Assistant Professor Nina Amstutz at the Novalis-Prize ceremony
As a PhD student, Nina Amstutz began noticing anthropomorphic characteristics in the landscape paintings of Caspar David Friedrich, the 19th-century artist whose piece “Wanderer Above the Sea Fog” has become perhaps the most iconic visual symbol of German Romanticism.
Amstutz, an assistant professor in the Department of the History of Art and Architecture, discovered similarities between what life scientists were writing about at the time—comparative anatomy and morphology—and what was appearing in Friedrich’s imagery—such as an oak tree whose branches appear to spread like in diagrams of the nervous system (see “Oak Tree in the Snow” below).

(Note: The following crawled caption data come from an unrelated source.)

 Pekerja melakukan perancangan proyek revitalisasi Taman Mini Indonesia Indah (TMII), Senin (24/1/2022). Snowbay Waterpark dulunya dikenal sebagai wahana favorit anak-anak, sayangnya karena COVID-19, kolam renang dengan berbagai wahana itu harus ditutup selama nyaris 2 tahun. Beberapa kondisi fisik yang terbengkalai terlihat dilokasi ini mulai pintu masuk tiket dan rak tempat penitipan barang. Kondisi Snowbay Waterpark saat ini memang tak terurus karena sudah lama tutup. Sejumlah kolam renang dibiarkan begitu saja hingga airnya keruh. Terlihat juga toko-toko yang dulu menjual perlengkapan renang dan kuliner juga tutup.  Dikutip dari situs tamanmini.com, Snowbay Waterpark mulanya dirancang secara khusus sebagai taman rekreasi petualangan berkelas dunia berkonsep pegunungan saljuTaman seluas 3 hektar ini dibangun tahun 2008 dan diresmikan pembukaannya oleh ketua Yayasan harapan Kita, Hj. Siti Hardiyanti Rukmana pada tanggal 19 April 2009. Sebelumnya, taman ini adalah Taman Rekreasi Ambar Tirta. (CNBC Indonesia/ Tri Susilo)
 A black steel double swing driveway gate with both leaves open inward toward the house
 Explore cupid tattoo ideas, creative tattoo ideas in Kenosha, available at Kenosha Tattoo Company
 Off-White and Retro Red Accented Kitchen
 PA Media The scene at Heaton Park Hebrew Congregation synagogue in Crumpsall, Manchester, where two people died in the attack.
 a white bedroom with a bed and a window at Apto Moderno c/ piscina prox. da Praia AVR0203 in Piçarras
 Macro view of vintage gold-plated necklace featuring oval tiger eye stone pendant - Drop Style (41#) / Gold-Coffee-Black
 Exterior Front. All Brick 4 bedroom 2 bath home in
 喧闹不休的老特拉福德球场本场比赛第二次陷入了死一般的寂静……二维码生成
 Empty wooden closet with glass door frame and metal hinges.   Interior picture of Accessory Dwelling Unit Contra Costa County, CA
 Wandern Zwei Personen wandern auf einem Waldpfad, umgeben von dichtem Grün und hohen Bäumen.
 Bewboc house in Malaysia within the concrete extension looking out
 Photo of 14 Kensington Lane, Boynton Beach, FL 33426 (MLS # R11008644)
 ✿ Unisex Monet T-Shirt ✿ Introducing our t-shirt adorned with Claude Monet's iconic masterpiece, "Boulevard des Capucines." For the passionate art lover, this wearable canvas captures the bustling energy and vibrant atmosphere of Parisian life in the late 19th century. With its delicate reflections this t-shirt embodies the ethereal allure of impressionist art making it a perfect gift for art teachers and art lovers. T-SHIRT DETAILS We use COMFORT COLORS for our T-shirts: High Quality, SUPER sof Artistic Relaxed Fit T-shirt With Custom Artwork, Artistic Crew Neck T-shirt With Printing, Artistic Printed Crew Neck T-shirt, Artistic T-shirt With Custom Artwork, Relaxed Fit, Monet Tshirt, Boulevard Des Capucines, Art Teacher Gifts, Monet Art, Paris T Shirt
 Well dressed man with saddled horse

“At the time naturalists were always interested in what studying nature can tell us about ourselves,” Amstutz explained. “When they wrote about minerals, plants, or whatever else, they were also writing about the human mind and body.”
“In a number of Friedrich’s works there are anthropomorphic details, things in the landscape that recall the human form,” she continued.
Discovering the parallels between the scholarship of naturalists and German Romantic landscape painting was the seed for Amstutz’s forthcoming book Caspar David Friedrich: Nature and the Self.
This Spring, the International Novalis Society in collaboration with the Friedrich Schiller University Jena, recognized Amstutz’s work with the biennial Novalis-Prize, a 2,500 Euro award for innovative scholarship in European Romanticism that enters new territory in the research covered. In May, Amstutz traveled to the German village of Wiederstedt, the birthplace of the Romantic poet Novalis, to accept the prize.
The Novalis Family Palace in Wiederstedt (left) and "Oak Tree in the Snow" by Caspar David Friedrich
“It’s gratifying and validating to spend so much time on a project, a project that’s very meaningful to me, and to have scholars in my field appreciate that work,” Amstutz said.
Amstutz first encountered the work of Friedrich when she was in high school and went to see his “Abbey in the Oakwood” in Berlin. “Somehow the artist stuck with me over the years,” she said. Working on this book, Amstutz looked at the artist’s oeuvre, mostly post-1820, alongside primary sources from the life sciences, philosophy, and literature.
“I treat the representation of nature not as something that is either artistic or scientific,” Amstutz explained. “But rather, there are broader cultural forces at work in the way we look at and represent the world in any given historical moment, which cut across disciplines. It’s what historians call the ‘period eye’.”
Caspar David Friedrich: Nature and the Self will be available through Yale University Press in late 2019 or early 2020.